I remember when the Orlando/Kissimmee area sustained several tornadoes in February 1998. I was still a New Yorker at the time but was visiting WDW 4-6 times a year. As a frequent visitor, my primary concern was the theme parks. I hoped they would be OK and operational for my next trip, which was only a week away. I didn’t really think about the people who lived and worked in the area; I was only worried about the parks. I think that’s an absolutely normal response many people feel, but in hindsight I think it’s a little bit self-centered, as well, but in an acceptable way. People wait months or years for a Disney vacation, and put a lot of time, effort and money into it. For there to be the possibility of it having to be cancelled, yeah, I think disappointment, even in the face of others’ potential losses, would be an absolutely normal thing to feel.
Fast forward 6 years. We were living in Orlando and hurricanes Charley, Frances and Jeanne ravaged Central Florida all within just a few weeks of each other in the summer of ’04. Although well prepared, we still had to “rough it” until our electricity and other services were restored. And although we were glad the theme parks came through OK, we were much happier that our home had survived with only minor damage; not all of the people we knew were so lucky.
In June of 2016, a gunman killed 49 people at the Pulse nightclub in Orlando, FL. Although Joe and I didn’t personally know anyone who had been murdered, we knew many people who had hung out at Pulse on a regular basis, and/or people who knew one or more of those who had been either injured or killed in the shooting, which took place in a building we both passed several times per month. Tragedy had hit our entire community and as we grieved with the rest of Central Florida, we felt sad, scared and violated, but to this very day, we try to stay #Orlandostrong as we slowly heal from the event.

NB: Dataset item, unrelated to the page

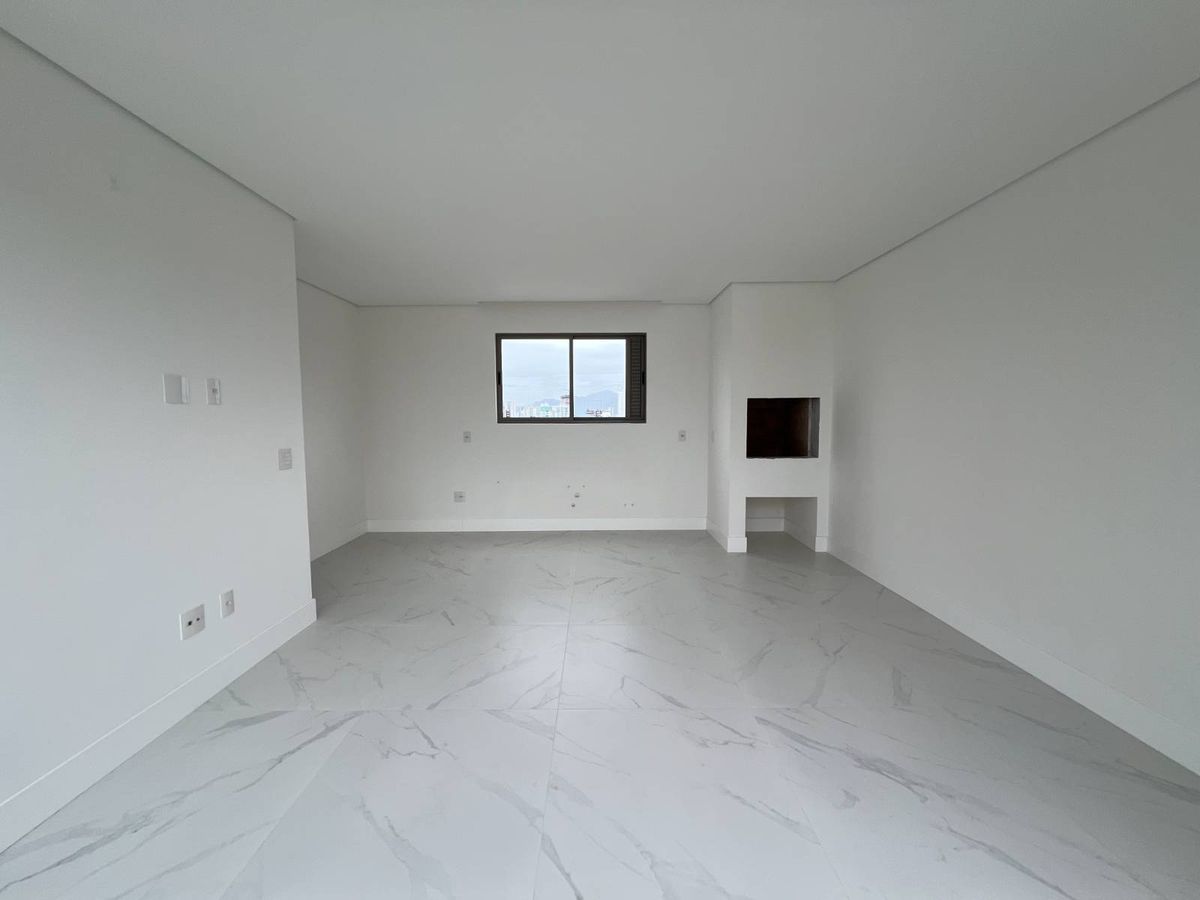 Cobertura à venda no Pioneiros:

Fast forward to 2017 – Irma was a huge Category 5 hurricane that had the potential to affect every single person in the state of Florida. While taking a break from preparing our house for the storm, I looked at Facebook and saw people worrying about their upcoming vacations. Now, from my point of view, this was a huge hurricane and many were potentially going to lose their houses, the buildings where they worked and possibly even their lives, and here I was, reading about people who were worried about their vacations. On one level, I totally got it – I was that very person during the ’98 tornadoes, and accepted that was a perfectly reasonable reaction. But as a resident, yeah, it was a whole different ballgame.

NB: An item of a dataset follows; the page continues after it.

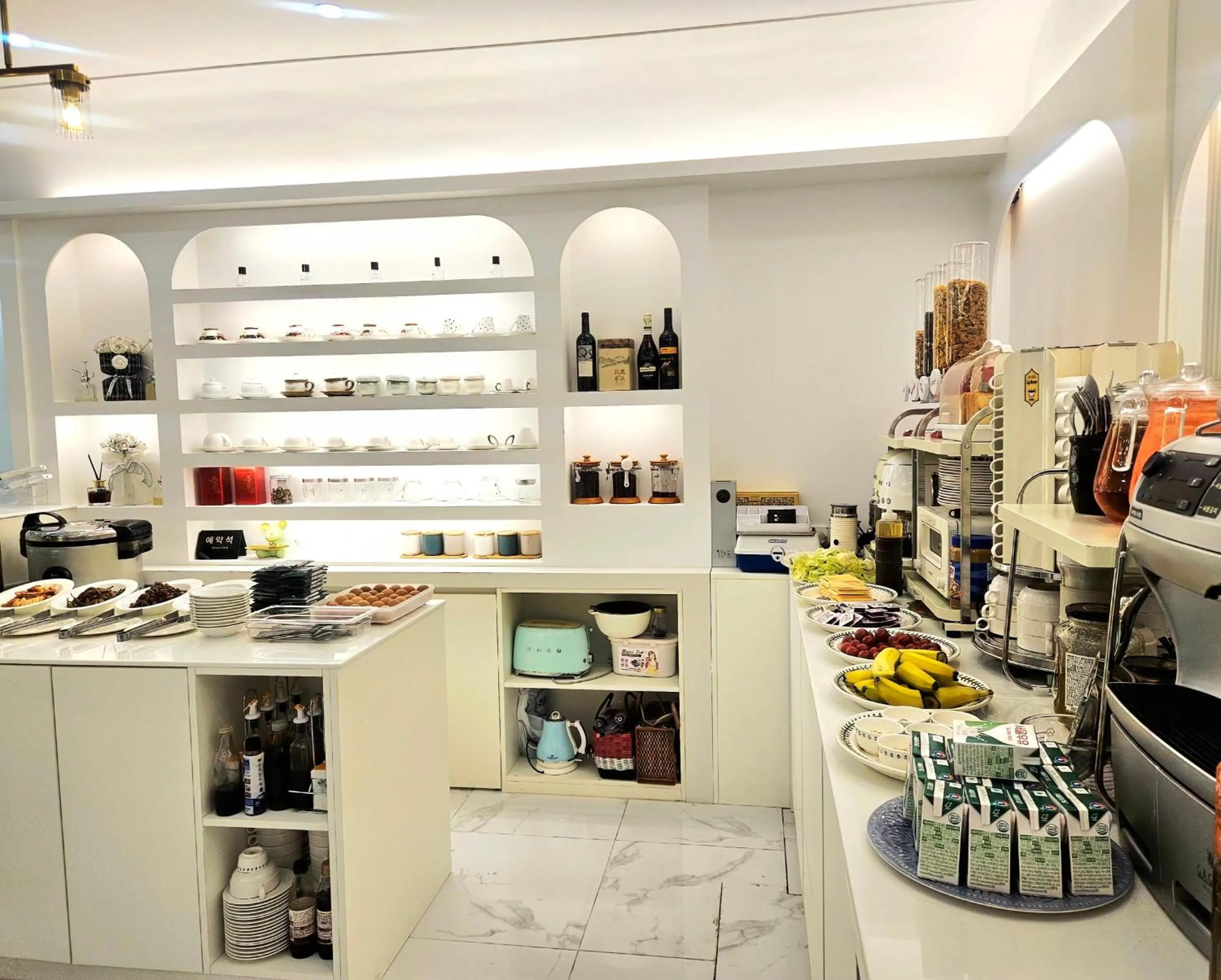 Kitchen or kitchenette in Daegu Starbnb DSR Residence Hotel lily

Fast forward yet again to October 2017. Joe and I had a long-planned 2-week trip to Phoenix, Sedona, Las Vegas, Anaheim and Hollywood. As it turned out, our visits were in the midst of the Anaheim fires and just two weeks after the mass shooting in Vegas. And as our trip loomed closer, my primary thoughts weren’t about our vacation destinations, but the people who had lost their homes or businesses or people they loved, and how much those cities would be hurting. Thankfully, the fires were under better control by the time we got to Anaheim. And while we were in Las Vegas, we made sure to visit the makeshift memorial for the shooting victims, just as thousands of people have taken time out of their vacations to see the memorial at the Pulse building. We paid our respects, not only to those who were lost, but as residents of a tourist town who understood exactly what the people of Las Vegas were going through.

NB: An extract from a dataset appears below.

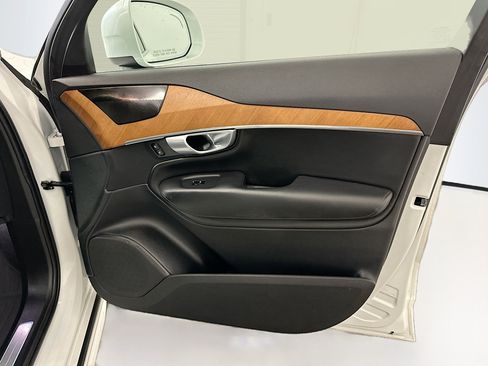 Used 2024 Volvo XC90 T8 Plus w/ Protection Package Premier image 36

As I write this, there are people in Kilauea’s path who are being evacuated and possibly losing their homes or businesses to the path of lava. Can you imagine living in paradise and one day you have to leave and don’t when you can go back home, or if you’ll even have a home to go to when Pele finally decides the lava should go in another direction? But I’m sure there are also people who are currently scrambling to cancel or change their vacations to Hawaii, to make sure they’re safe. Which makes perfect sense…but I know you know where I’m going with this.
Obviously, perception will vary based on the who, what, why, where, when and how. And, of course, I hope you never have to experience a tragedy or the potential for one where you live. But if you do, I’d bet your perception regarding others in similar experiences, in places you travel to, will be forever changed.